The Council voted unanimously in favor of a pathway to $15 per hour by 2020, and in support of wage enforcement. The new wage increase would begin in July, with a minimum wage of $10.50. It would then climb every year to 2018, when it would be $13.25. The impact of the ordinance on the local economy would then be reviewed by the City Council in February, 2019, for continuing on to its eventual goal of $15 an hour in 2020. Future raises beyond 2020 would be indexed to annual cost of living adjustments.
Additionally, the Council agreed to impose the raise mandate on non-profits, small businesses, and tipped workers in the new ordinance.

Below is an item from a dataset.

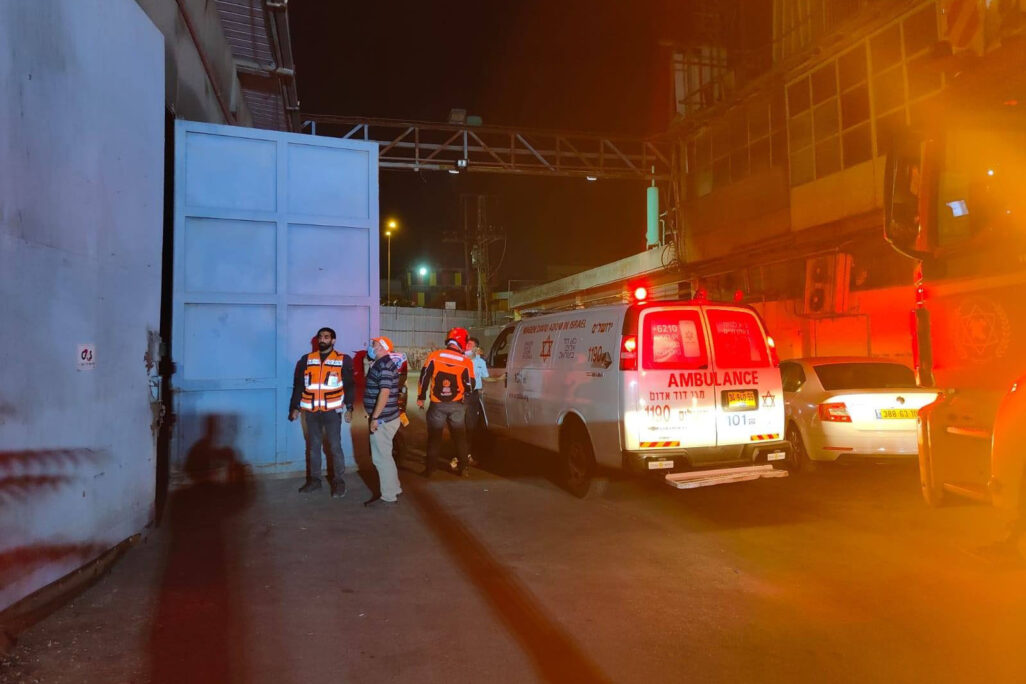 זירת התאונה בה נהרג הנער עלי ג'מיל בורקן (צילום: איחוד הצלה)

The Council vote was the culmination of five city-sponsored community meetings held since August, in locations all over the city.
The long evening began with a press conference and rally in support of the increased wage in front of the City Hall, by members of the Los Angeles Alliance for a New Economy (LAANE). Robert Nothoff, project director, told Pasadena Now, “We feel very confident that we are on the path to 15 (dollars an hour) with strong wage enforcement which would raise wages for 30,000 workers when fully phased in, lift 10,000 people out of poverty, and put $234 million back into the pockets of workers, which then circulates locally.”

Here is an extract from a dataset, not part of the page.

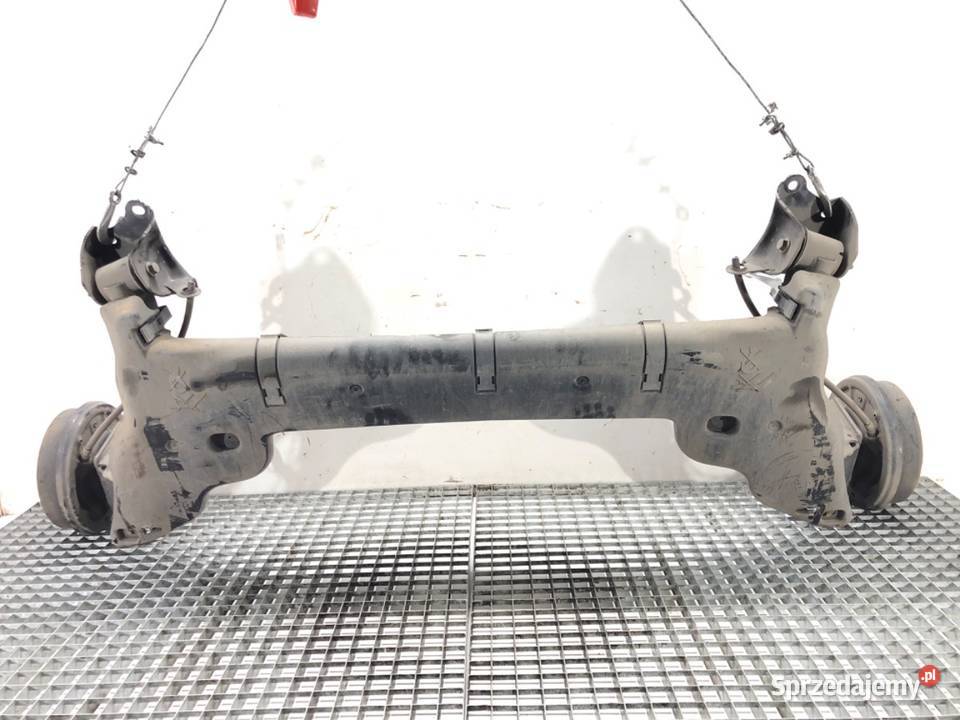 BELKA TYŁ DACIA DUSTER Hatchback TYLNA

Supporters of the bill packed the Council chambers, and many were directed to additional viewing in the City Hall basement where they watched the proceedings on a closed circuit broadcast.

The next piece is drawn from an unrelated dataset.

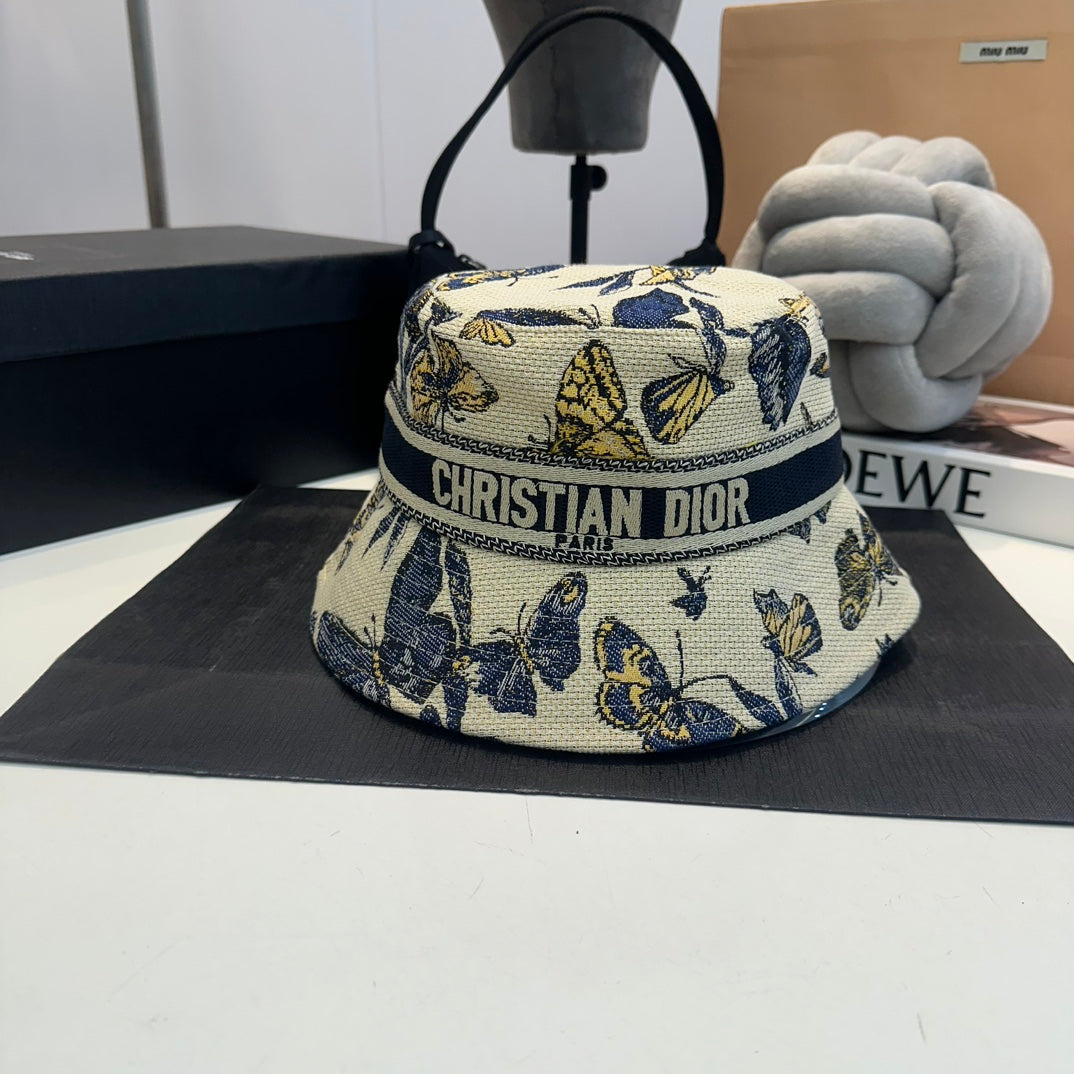Sombrero de pescador bordado con mariposa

The public speaker portion of the meeting took over three hours, with testimonies ranging from the tearful to the dramatic. Much of the testimony centered around the issue of wage theft enforcement.
Pablo Alvarado, director of the Pasadena Community Job Center, took to the lectern and held up a hefty California Labor Code, saying, “This is the California Labor Code. Every law that protects workers is right in here.” Setting it down, he then lifted up a copy of the California Penal Code, telling the council, “If the state of California spent as much time enforcing the Labor Code as they do the penal code, you would have a lot less people in jail.”
“This is a moral issue,” said labor organizer Robert Christo. “You need to punish wage thieves like you punish robbers.”
Angel Olvera of the Pasadena Job center also told members of the Council that day laborers at the center recently agreed among themselves to only work for $15 an hour, or more, and were still hired. “If they can do it,” he said, “Then so can you.”
Resident Ed Washatka, campaigning for an even higher wage, quoted former Pasadena Councilmember Jaquie Robinson, saying that that the $15 an hour wage “is a floor, not a ceiling.”
While the public testimony was overwhelmingly in support of the new wage ordinance, at least three speakers offered a different perspective.
Paul Little, president of the Pasadena Chamber of Commerce, offered an “alternative plan” that topped the increase at $12.50. Said Little, “When you increase minimum wage, you raise youth unemployment.”
Armen Shirvanian, owner of Mi Piace, said, “In my restaurant, we are a family. I don’t know where these people work who are complaining, but we pay our workers well. We have a sign that says, ‘No one here is better than any other, and no one is better than the dishwasher.’” He urged the council to take a “more measured, slower approach.”
Robin Salzer, owner of Robin’s Wood-fired Grill, took a moment to remind the members of the City Council that his restaurant has been a long time supporter of the community, from feeding firefighters to donating to local causes throughout the area.
The Council passed on the staff recommendation for the new ordinance with only two alterations—that the ordinance be “reviewed” in 2019, to assess its impact on the community, a point that council member Steve Madison argued vehemently against. “This is no longer a path to $15 in 2020, it’s a path to $13.25 in 2019,” he said.
The Council also agreed to match the City of Los Angeles standard for a “learners” exemption, which would exempt workers between the ages of 14-17 for 160 days. The original recommendation, which council member Tyron Hampton argued for, was no age limit and 480 days.
The City Attorney will now create the wording for the new ordinance, which will come back to the council in about 30 days, for a full reading.
The new ordinance, once the final wording is approved, would go into effect this June.
Mayor Terry Tornek called the entire process and discussion “thorough and thoughtful,” as he directed the council through the vote. The final vote was a unanimous consensus, with the gavel falling at 12:20 a.m.